[RECORDS SUPPLIED — start]
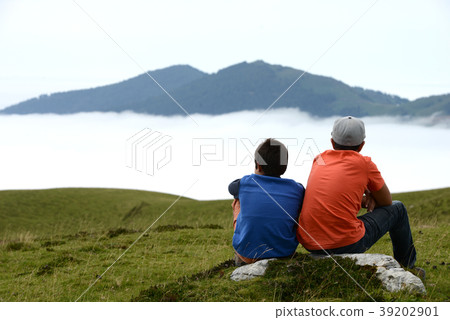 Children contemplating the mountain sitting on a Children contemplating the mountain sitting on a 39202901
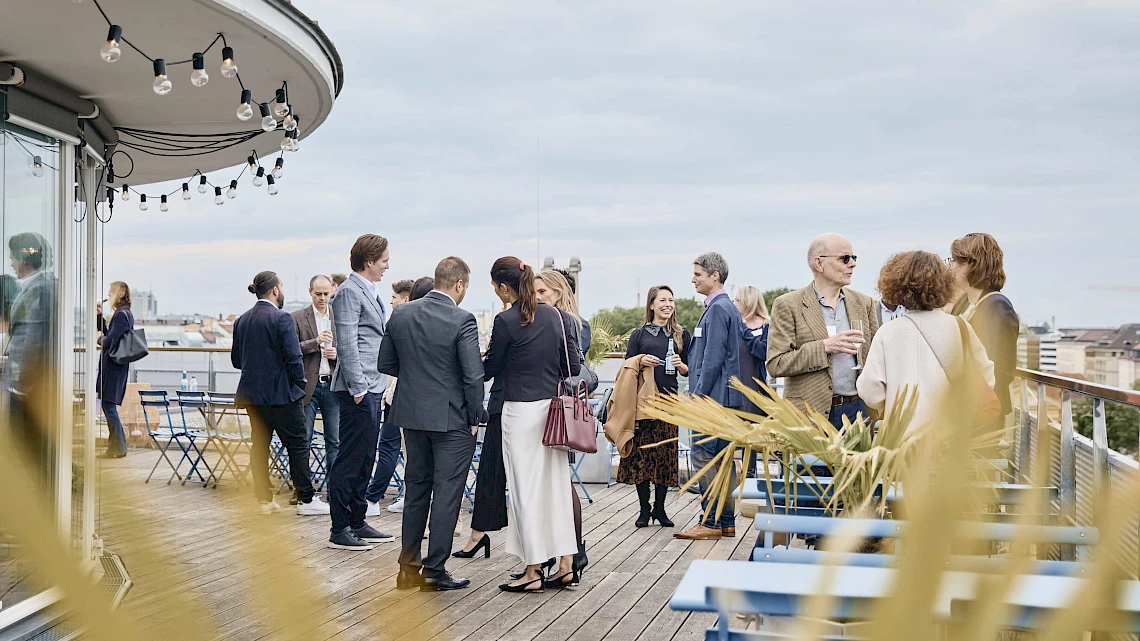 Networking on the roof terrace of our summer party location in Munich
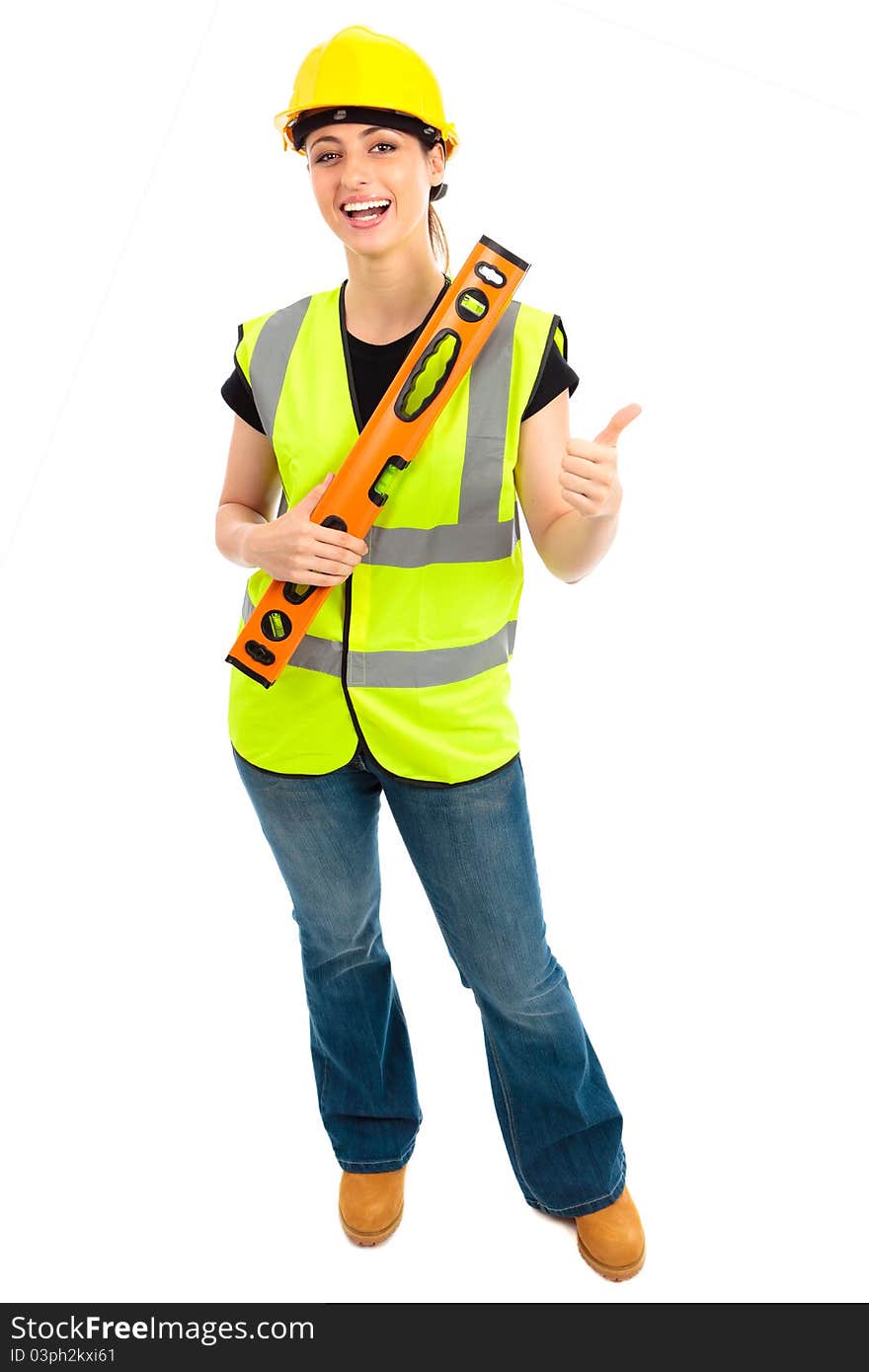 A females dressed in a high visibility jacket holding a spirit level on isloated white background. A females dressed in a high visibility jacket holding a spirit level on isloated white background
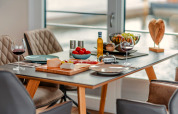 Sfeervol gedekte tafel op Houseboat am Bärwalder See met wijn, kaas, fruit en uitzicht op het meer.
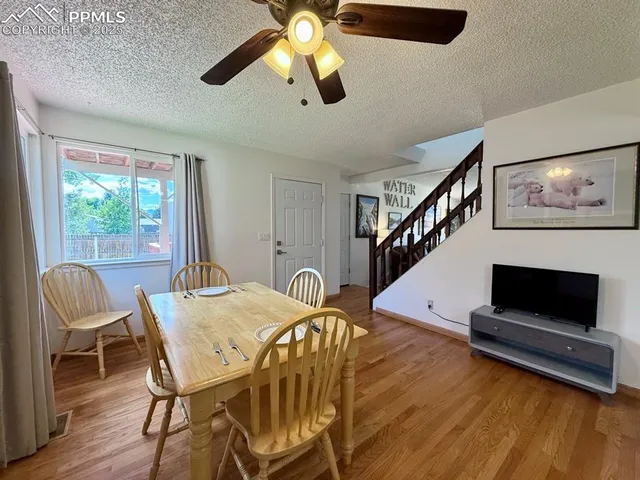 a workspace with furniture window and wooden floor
[RECORDS SUPPLIED — finish]
REQUIRED WORK: Every line in the data above needs to be given again exactly, pictures aside.

RESPONSE:
 Children contemplating the mountain sitting on a Children contemplating the mountain sitting on a 39202901
 Networking on the roof terrace of our summer party location in Munich
 A females dressed in a high visibility jacket holding a spirit level on isloated white background. A females dressed in a high visibility jacket holding a spirit level on isloated white background
 Sfeervol gedekte tafel op Houseboat am Bärwalder See met wijn, kaas, fruit en uitzicht op het meer.
 a workspace with furniture window and wooden floor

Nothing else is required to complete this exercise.